On the exploit of Google's indexing of Search Results pages
Google's search results can be exploited to show "advertisements" (Ads) for illegal goods - typically drugs - and where to obtain them. This is achieved by manipulating how Google indexes websites, and in doing so it impacts the reputation of the websites affected by having these Ads shown on them.
This has the potential to affect any website, including yours. In this review we explain the nature of the exploit, its impact and what we have done to protect your website.
To ward off any sense of impending doom, we'll start off by emphasizing that your website has not been breached by this exploit.
That is to say, no "bad actor" (let's call them the Baddie) has gained access to your website or hosting infrastructure, nor any of your protected data. Nor has the Baddie altered or stored any data on your website (we'll come on to how they show their Ads on your website shortly). This is not a vulnerability in the normal security sense, its damage comes from the impact it could have to your reputation. We know that your reputation is just as important to protect as your website security.
Because this exploit is not a vulnerability in the security sense, there was no announcement and release of a security patch to fix it. If there had been we'd have been alerted to it via the security channels we monitor. Instead, this stems from a "product improvement" in Google's search indexing algorithm. As with many changes to a product, there can be unintended consequences, and this exploit is such an example.
We were alerted to the issue on the evening of Thursday 5 October by one of our clients, who in turn had been informed by a third party that their site was affected. Awareness of the issue was stimulated by an article on the Business Insider website on 28 September (their website was itself affected). Following an initial triage of the issue on Thursday evening we worked as a multidisciplinary incident team throughout Friday to identify the exposure to the exploit on our clients’ websites and implement mitigation strategies against it.
Before we take you through what we did, let's take a deep dive into how the exploit operates and its effects:
Google indexes webpages in a number of different ways. Typically, it will examine the content of a webpage and use all its secret sauce algorithms to index it so that it is shown when matched to searches people make on Google. It will also follow (crawl) any links it finds on a page and these might be to different websites. Even if one of those destination webpages tells Google not to crawl it (by using a "robots.txt disallow rule"), Google might still index it. It will respect the disallow rule, so won't index the content of the page; however, the Google search result for the page would still show its URL. This has long been the case and is the first essential element in the exploit.

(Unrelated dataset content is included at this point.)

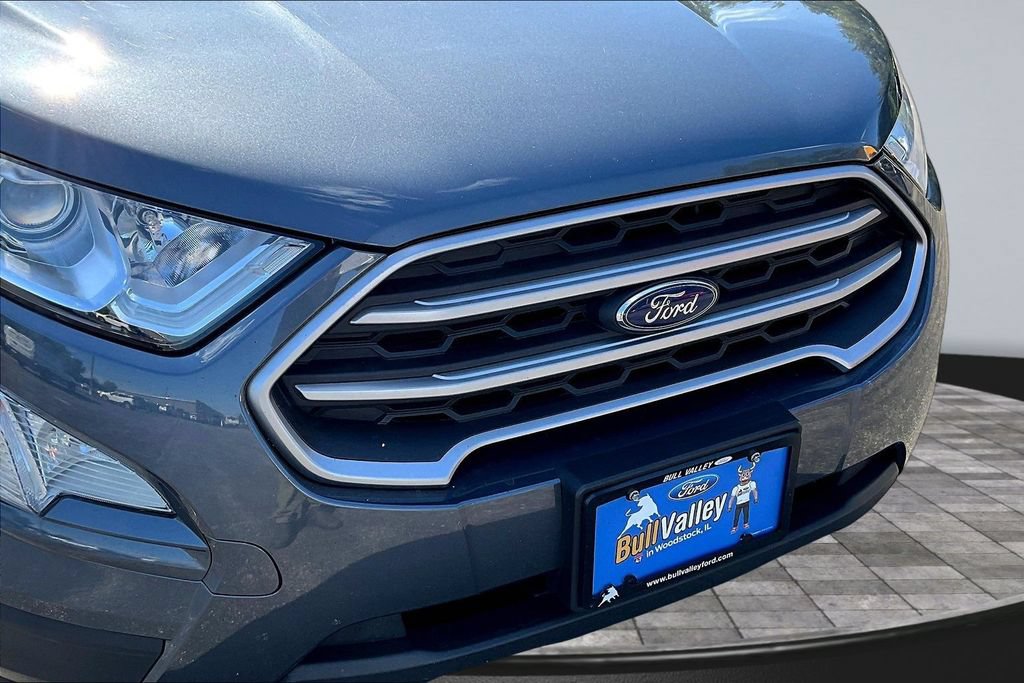 Certified 2022 Ford EcoSport SE AWD/4WD image 33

The second essential element to make the exploit work is a relatively new change to how Google indexes pages that have a "query string" in their URL.
An aside on query strings if you need a refresher:
A query string can appear at the end of a URL. It's the part after a "?" and is made up of one or more parameter-value pairs.
For example, if you visit the blog index page on our website which has the URL torchbox.com/blog/ you'll be shown all our various blogs. The page allows you to filter the blogs to a category of interest by clicking a link on the page that goes to the same page but adds a query string to the URL. The "Wagtail" link, for example, has the URL torchbox.com/blog/?filter=wagtail-cms and clicking on it results in the page showing only blog posts related to Wagtail. Here, "filter" is the query parameter and "wagtail-cms" is the query value. When your browser sends the request for the page to the web server this parameter-value pair is sent as well. When our website generates the list of available blogs it recognises the "filter" parameter and uses its value to modify the content of the page it sends back to the browser in response. In this case, if no filter value is supplied then all blogs are listed, whereas if the filter value is "Wagtail" the webserver only lists Wagtail-related blogs (by looking up which blogs have been assigned to the category in the website's CMS).
Query strings are used to dynamically generate the content of a page by directing the webserver as to how it should behave in response to the parameters and their values.
Query strings are not an inherent part of a web page. Any query string can be added to a URL by anybody. It is up to the webserver to determine whether it recognises a particular parameter-value pair and how to use it. In our example, the blog index page on our website generates its own query string links to each blog category that it knows about. However, in my browser I could change the query string to modify the parameter or the value (or both), for example: torchbox.com/blog/?category=wagtail-cms or torchbox.com/blog/?filter=google-search. The former would result in all blogs being listed because the webserver doesn't recognise "category" as a parameter so it's ignored, and the latter would result in no blogs being listed because there is no "google-search" category.
Using a query string with a recognised query parameter and a query value that anyone can choose gives the exploit its route to taking advantage of Google's change to its indexing: URLs with query strings are now much more likely to be added to the index as stand-alone search results. Previously, they were mostly ignored.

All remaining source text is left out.